## Fadhla Mohamed Mutua
## SM3201434

### 1. Introduction
This study investigates three machine learning parts with simulated data from random numbers. The random number generation comes from the use of numpy `np.linspace(-5, 5, train_points)` for linear ridge and kernel ridge (where `train_points` is 20 for traning and 1000 for testing) regression and sklearn `sklearn.datasets.make_circles` for PCA. The first part compares linear ridge regression with kernel ridge regression (using both Gaussian and polynomial kernels) to assess regression performance under different model assumptions and kernel formulations. The second part compares traditional Principal Component Analysis (PCA) with Kernel PCA (KPCA) to determine how both methods perform in reducing dimensionality on structured data. A third "experimental" section repeats the PCA versus KPCA comparison on a dataset made using `sklearn.datasets.make_classification`, highlighting the sensitivity of kernel-based methods.

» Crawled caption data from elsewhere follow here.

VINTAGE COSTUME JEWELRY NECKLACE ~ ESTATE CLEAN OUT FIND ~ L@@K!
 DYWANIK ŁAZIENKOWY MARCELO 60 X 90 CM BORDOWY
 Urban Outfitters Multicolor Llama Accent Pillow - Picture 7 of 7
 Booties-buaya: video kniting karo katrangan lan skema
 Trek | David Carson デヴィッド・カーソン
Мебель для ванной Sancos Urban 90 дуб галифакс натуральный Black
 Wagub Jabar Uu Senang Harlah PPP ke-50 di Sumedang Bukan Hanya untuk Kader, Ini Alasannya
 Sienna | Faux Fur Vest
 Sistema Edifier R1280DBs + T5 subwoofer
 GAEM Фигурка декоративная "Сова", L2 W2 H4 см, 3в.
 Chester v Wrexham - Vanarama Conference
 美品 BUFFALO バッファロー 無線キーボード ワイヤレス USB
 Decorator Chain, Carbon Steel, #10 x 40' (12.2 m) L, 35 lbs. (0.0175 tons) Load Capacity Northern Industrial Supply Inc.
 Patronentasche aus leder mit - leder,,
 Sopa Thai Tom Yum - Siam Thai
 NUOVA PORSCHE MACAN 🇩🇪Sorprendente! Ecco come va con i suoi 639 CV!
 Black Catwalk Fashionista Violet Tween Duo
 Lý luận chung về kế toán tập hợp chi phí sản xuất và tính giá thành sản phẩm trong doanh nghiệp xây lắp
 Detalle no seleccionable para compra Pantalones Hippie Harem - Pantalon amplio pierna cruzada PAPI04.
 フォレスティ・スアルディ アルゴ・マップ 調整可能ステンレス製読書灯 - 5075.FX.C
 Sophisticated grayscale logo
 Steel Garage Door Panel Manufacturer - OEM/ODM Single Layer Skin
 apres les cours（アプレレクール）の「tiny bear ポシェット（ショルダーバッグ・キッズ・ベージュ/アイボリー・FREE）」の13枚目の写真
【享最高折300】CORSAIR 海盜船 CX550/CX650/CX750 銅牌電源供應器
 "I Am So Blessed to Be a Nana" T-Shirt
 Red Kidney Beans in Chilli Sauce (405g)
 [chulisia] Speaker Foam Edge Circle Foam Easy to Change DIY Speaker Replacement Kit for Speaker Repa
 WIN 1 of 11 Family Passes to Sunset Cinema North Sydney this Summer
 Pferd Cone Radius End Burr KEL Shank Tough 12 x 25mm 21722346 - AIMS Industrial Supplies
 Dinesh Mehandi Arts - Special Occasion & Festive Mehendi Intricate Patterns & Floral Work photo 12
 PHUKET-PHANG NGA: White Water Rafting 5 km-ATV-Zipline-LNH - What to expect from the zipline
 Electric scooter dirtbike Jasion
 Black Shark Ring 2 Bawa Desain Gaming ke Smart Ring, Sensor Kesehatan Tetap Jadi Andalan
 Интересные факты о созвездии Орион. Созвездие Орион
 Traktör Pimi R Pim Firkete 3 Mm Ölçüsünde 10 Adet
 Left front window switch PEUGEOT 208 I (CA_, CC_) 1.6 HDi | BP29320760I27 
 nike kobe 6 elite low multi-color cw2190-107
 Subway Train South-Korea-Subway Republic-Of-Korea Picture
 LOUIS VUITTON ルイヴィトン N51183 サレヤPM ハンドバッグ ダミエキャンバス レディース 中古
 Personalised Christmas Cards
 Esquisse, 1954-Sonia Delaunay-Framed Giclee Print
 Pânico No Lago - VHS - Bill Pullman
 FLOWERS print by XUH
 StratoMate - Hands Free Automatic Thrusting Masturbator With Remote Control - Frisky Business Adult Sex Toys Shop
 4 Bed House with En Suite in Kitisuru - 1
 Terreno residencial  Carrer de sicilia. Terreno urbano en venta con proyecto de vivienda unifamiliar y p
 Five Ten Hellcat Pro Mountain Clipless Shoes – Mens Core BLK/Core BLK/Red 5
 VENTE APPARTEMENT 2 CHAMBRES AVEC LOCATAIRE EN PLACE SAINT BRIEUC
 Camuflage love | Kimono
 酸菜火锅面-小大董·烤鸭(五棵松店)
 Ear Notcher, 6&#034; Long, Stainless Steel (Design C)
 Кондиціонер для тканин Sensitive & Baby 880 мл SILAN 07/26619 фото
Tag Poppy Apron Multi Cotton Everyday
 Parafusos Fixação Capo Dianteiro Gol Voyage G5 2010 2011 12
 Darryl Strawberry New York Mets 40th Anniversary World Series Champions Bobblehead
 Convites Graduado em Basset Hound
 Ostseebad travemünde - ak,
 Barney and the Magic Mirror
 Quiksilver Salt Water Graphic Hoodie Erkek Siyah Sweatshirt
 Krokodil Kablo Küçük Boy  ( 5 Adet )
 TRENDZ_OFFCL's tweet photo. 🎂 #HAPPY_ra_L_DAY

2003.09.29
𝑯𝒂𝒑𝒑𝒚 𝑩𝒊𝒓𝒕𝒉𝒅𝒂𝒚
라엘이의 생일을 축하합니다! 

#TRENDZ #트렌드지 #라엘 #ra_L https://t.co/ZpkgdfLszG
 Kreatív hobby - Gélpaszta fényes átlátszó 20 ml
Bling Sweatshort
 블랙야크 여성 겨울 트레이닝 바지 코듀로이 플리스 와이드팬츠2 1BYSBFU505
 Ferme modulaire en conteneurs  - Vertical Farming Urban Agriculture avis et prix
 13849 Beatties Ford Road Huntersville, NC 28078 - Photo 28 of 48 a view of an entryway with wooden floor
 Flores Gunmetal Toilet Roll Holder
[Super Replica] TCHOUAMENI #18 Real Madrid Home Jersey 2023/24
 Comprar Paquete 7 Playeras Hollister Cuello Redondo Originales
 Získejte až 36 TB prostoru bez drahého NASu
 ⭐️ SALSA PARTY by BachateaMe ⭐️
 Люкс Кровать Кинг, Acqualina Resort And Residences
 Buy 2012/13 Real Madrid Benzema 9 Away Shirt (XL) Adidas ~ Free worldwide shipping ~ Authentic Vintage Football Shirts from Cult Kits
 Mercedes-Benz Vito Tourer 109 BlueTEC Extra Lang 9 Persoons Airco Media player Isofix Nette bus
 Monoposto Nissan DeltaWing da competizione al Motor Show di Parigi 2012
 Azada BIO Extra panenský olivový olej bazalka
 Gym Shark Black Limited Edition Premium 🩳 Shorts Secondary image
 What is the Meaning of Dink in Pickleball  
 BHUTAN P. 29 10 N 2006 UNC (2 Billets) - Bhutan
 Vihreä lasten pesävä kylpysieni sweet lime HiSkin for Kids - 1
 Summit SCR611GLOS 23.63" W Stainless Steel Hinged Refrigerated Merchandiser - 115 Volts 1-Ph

### 2. Ridge Regression vs. Kernel Ridge Regression

#### 2.1 Objective and Methodology
- **Objective**: The goal was to determine whether kernelizing the ridge regression approach (with either Gaussian or polynomial kernels) could capture non-linear relationships in data better than standard linear ridge regression.

- **Methodology**: 
    - Split of training dataset: The dataset consists of 20 training data values in a range from -5 to 5 and whose y value is gotten from the formula:
        - $y_{train} = (X_{train}+4) * (X_{train}+1) * (np.cos(X_{train})-1) * (X_{train}-3) + eps$
        - With $eps = $`np.random.normal(0, 1, train_points)` an array of random movements (obtained from the normal distribution) from the true value of y
    - Split of testing dataset: The dataset consists of 1000 testing data valus in a range from -5 to 5 and whose y value is gotten from the formula:
        - $y_{test} = (X_{test}+4) * (X_{test}+1) * (np.cos(X_{test})-1) * (X_{test}-3)$

#### 2.2 Linear Ridge Regression:
A regularized linear model that imposes penalties on the coefficient sizes to avoid overfitting.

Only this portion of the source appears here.